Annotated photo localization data
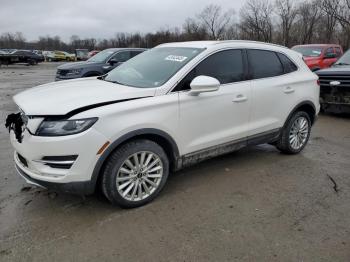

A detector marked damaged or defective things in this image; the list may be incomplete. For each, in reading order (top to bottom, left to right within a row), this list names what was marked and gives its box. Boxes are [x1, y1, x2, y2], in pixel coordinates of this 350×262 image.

crumpled hood [13, 77, 156, 115]
damaged front grille [318, 73, 350, 104]
broken headlight [35, 117, 98, 136]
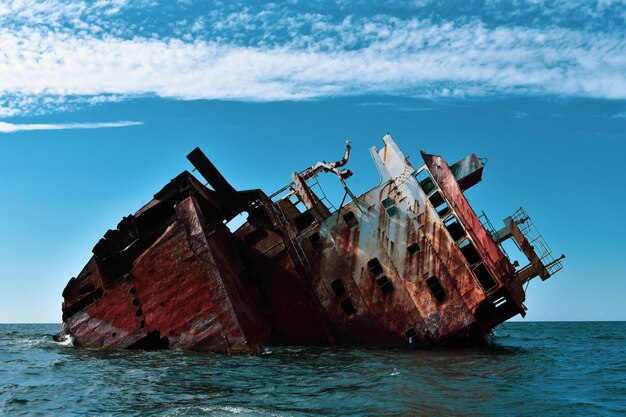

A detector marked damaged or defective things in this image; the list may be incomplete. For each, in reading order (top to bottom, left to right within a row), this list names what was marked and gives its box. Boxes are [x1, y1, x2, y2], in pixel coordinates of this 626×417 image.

red rusty paint [56, 133, 560, 352]
rusted ship hull [57, 135, 560, 350]
broken metal structure [57, 134, 560, 352]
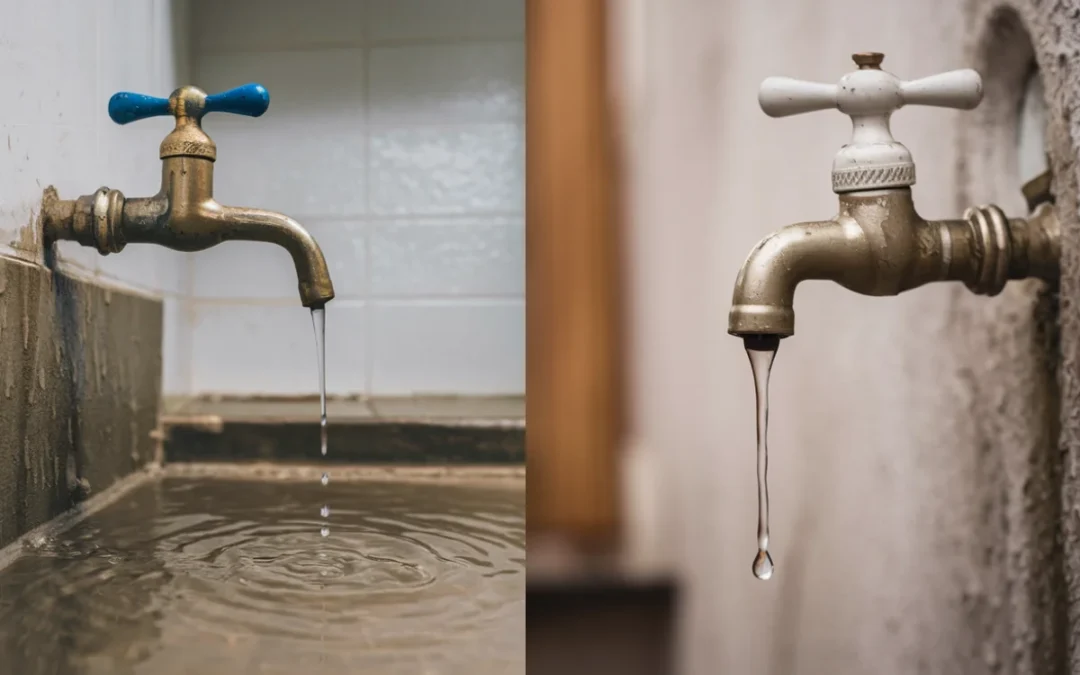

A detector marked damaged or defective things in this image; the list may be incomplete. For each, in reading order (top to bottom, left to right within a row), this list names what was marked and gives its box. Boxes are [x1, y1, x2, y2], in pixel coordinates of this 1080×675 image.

corroded faucet [42, 83, 334, 306]
corroded faucet [730, 53, 1058, 339]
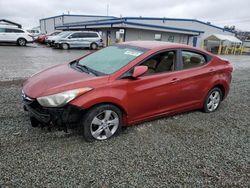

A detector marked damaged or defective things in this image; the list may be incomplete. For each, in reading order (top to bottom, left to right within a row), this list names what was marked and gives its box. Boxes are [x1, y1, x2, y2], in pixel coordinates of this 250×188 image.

damaged front bumper [21, 92, 82, 131]
exposed headlight housing [36, 87, 92, 107]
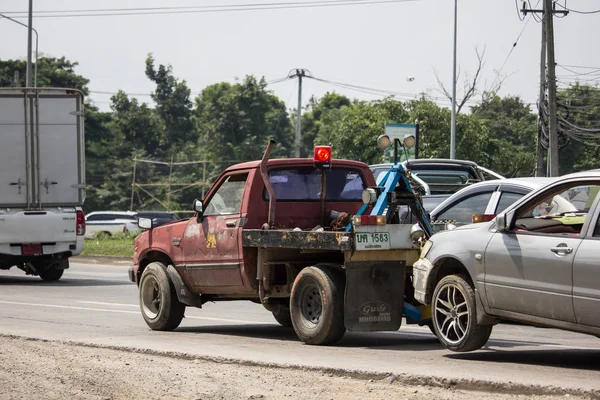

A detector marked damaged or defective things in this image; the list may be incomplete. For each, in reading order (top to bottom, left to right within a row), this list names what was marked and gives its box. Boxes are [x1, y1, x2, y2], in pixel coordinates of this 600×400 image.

rusty red tow truck [130, 139, 432, 346]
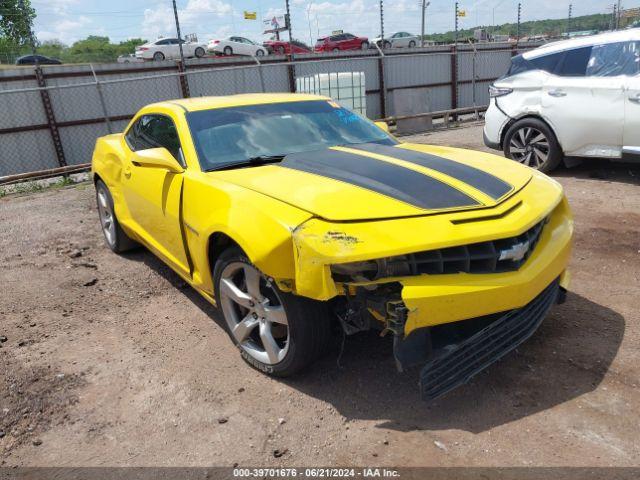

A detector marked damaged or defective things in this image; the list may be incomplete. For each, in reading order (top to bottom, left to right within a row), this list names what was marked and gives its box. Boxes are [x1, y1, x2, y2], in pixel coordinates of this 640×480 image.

damaged hood [209, 143, 528, 222]
front end damage [292, 176, 572, 402]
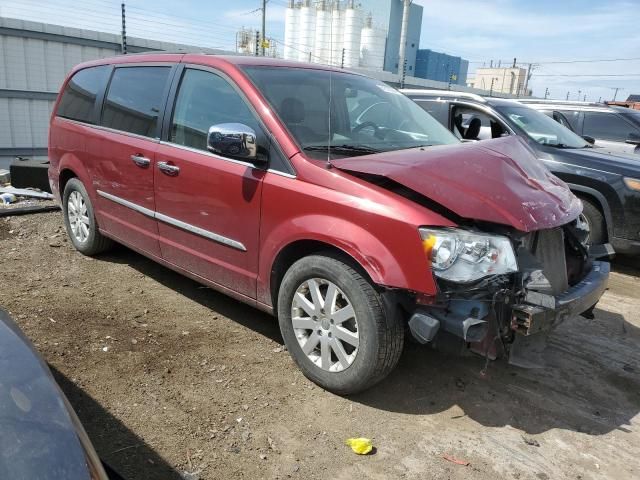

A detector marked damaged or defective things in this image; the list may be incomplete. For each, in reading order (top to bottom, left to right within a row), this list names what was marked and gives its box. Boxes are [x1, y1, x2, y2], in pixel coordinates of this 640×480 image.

crumpled hood [332, 135, 584, 232]
broken headlight [420, 228, 520, 284]
damaged front end [410, 221, 608, 368]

## WORK INSTRUCTION
Write out the entries again, word for word. No images.

## COMPLETED EXERCISE
A detector marked damaged or defective things in this image; the list may be incomplete. For each, in reading order (top to bottom, left to right within a row), this list names what was marked and gives its box. Boxes are [x1, y1, x2, y2], in pixel coordinates of this 350×262 image.

crumpled hood [13, 77, 156, 115]
damaged front grille [318, 73, 350, 104]
broken headlight [35, 117, 98, 136]

A detector marked damaged or defective things in this image; the list may be incomplete. For each, in reading order (top to bottom, left to right within a row), this list names what was marked and gives its box. Boxes are [x1, y1, x2, y2], in pixel coordinates of this 626×417 image.

red rusty paint [56, 133, 560, 352]
rusted ship hull [57, 135, 560, 350]
broken metal structure [57, 134, 560, 352]

A detector marked damaged or defective things in this image; the list may be incomplete. For each, in reading order (top to bottom, left to right within a row), this list names what was marked and gives its box. Boxes are [x1, y1, x2, y2], in pixel coordinates of this 1080×675 image.

corroded faucet [42, 83, 334, 306]
corroded faucet [730, 53, 1058, 339]

A detector marked damaged or defective things in this image; the list may be incomplete. For each, in reading order (top to bottom, left to right within a row), this list names what was marked and gives its box. Boxes are [x1, y1, x2, y2], in pixel coordinates of this 250×188 image.

damaged front bumper [21, 92, 82, 131]
exposed headlight housing [36, 87, 92, 107]

A detector marked damaged or defective things in this image; the list may be incomplete. For each, in reading order (top to bottom, left to right within a row), this list names what was marked and gives its box. Boxes are [x1, y1, x2, y2], in pixel coordinates of this 600×400 image.

rusty red tow truck [130, 139, 432, 346]

A detector marked damaged or defective things in this image; the list may be incomplete. For each, in reading order (top to bottom, left to right within a row), this list names what was marked and gives its box. Boxes are [x1, y1, x2, y2], in pixel coordinates of this 640×480 image.

damaged hood [209, 143, 528, 222]
front end damage [292, 176, 572, 402]

A detector marked damaged or defective things in this image; the list may be incomplete. For each, in reading order (top to bottom, left to right within a row), this list names what was marked and gives its box. Boxes are [x1, y1, x2, y2], in pixel coordinates of this 640×480 image.

crumpled hood [332, 135, 584, 232]
broken headlight [420, 228, 520, 284]
damaged front end [410, 221, 608, 368]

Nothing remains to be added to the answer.